* [TASK DIRECTIONS]:
Repeat, please, exactly the lines from the one that has "Miniatura 4 de" through the end of the records below, with pictures dropped.

:: DATASET CONTENT

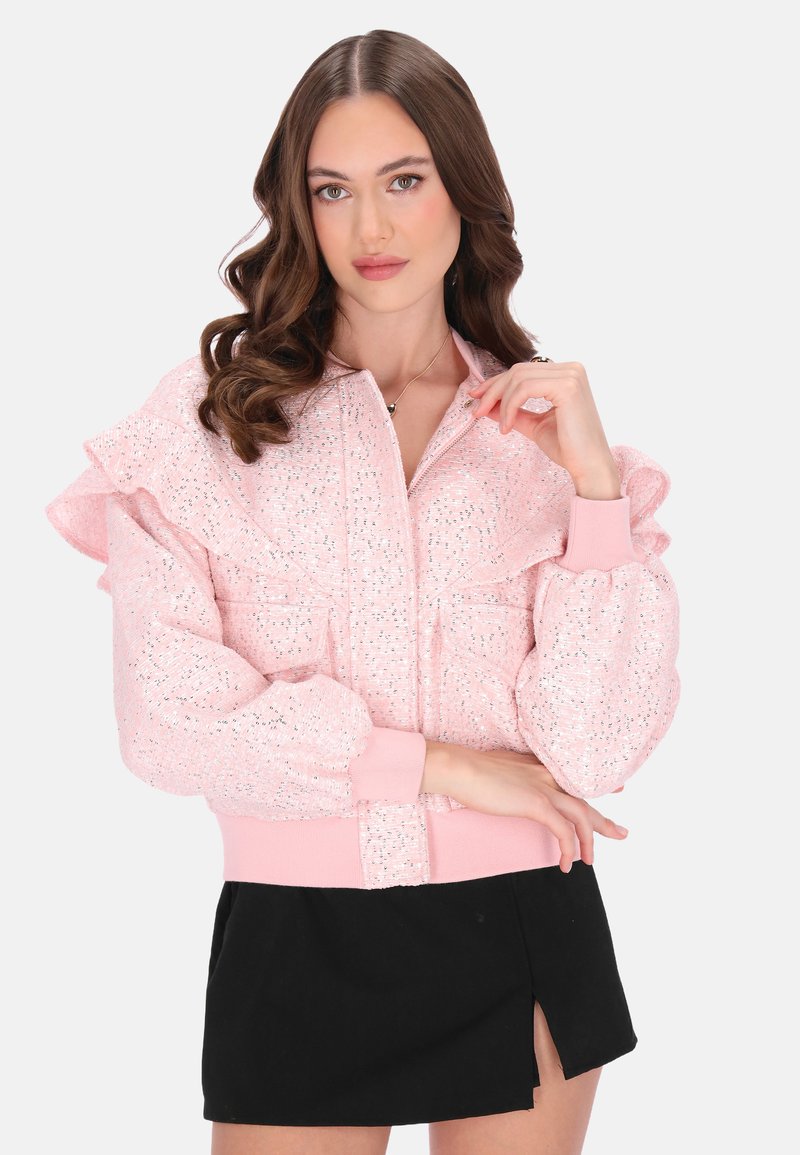 Donne Paillettes Cappotto Bomber Giacca Manica Lunga Cerniera Streetwear Casual Sciolto Glitter Capispalla Moda Femminile Primavera Cappotto - 12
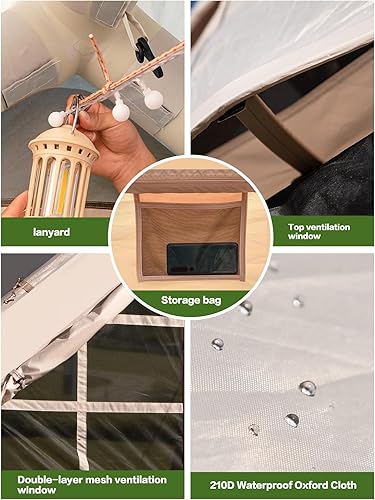 Miniatura 4 de Tienda de campaña inflable, 2468 personas Glamping tiendas inflables para camping, actualización 2025, puerta con cremallera, fácil instalación,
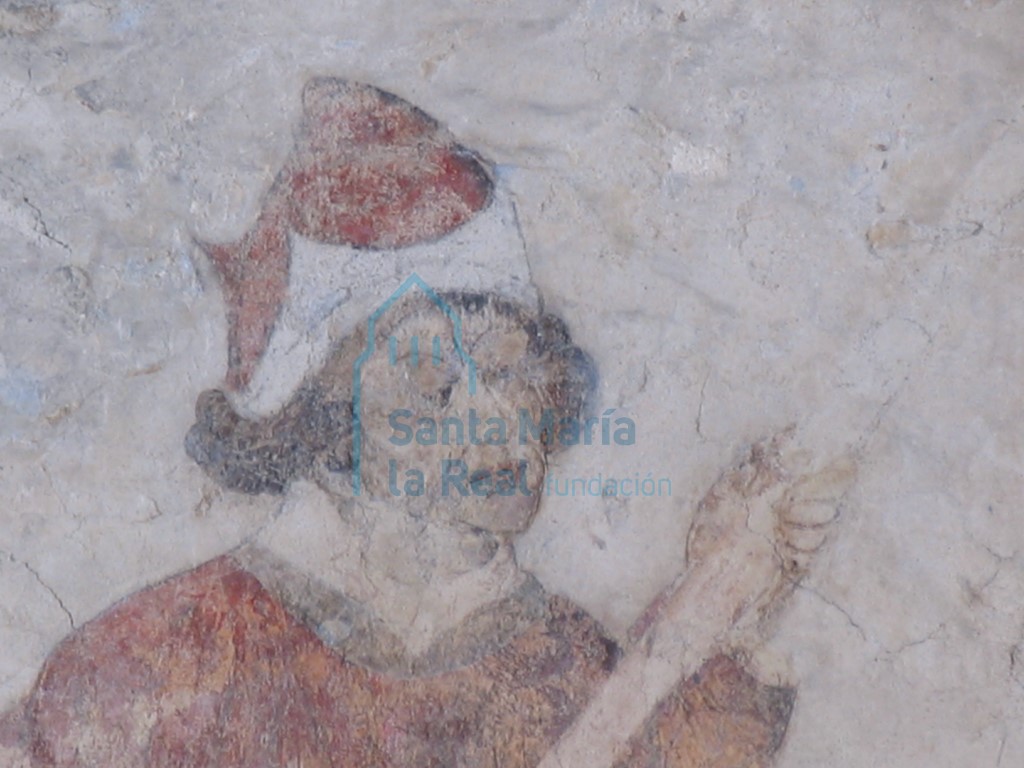 Detalle de los restos de pintura en la cabecera de la capilla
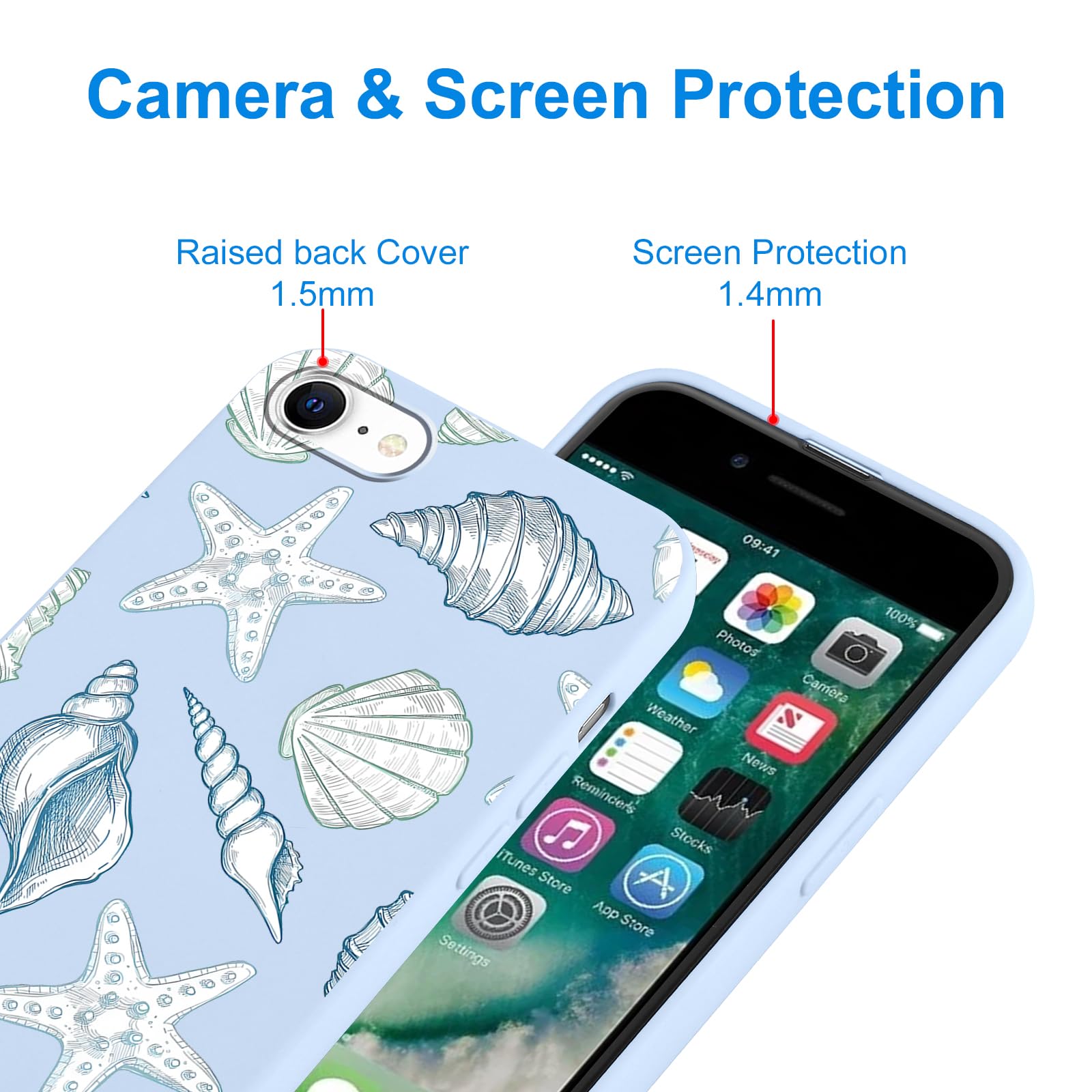 Amazon.com: lioscre 2 Packs Ocean Shells Starfish Pattern Phone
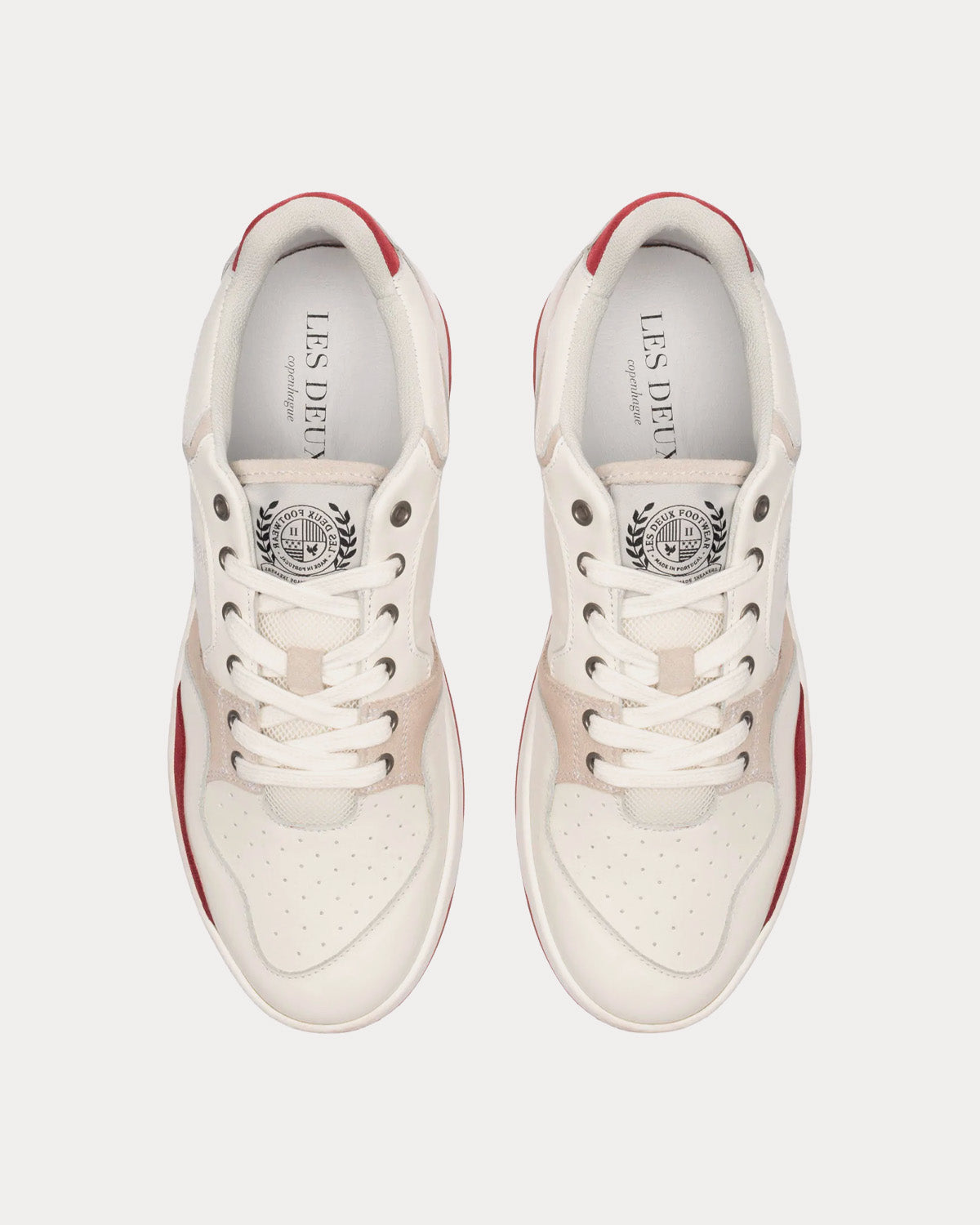 Les Deux Will Basketball Ivory / Red Low Top Sneakers - 2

::::

* [FINAL ANSWER]:
 Miniatura 4 de Tienda de campaña inflable, 2468 personas Glamping tiendas inflables para camping, actualización 2025, puerta con cremallera, fácil instalación,
 Detalle de los restos de pintura en la cabecera de la capilla
 Amazon.com: lioscre 2 Packs Ocean Shells Starfish Pattern Phone
 Les Deux Will Basketball Ivory / Red Low Top Sneakers - 2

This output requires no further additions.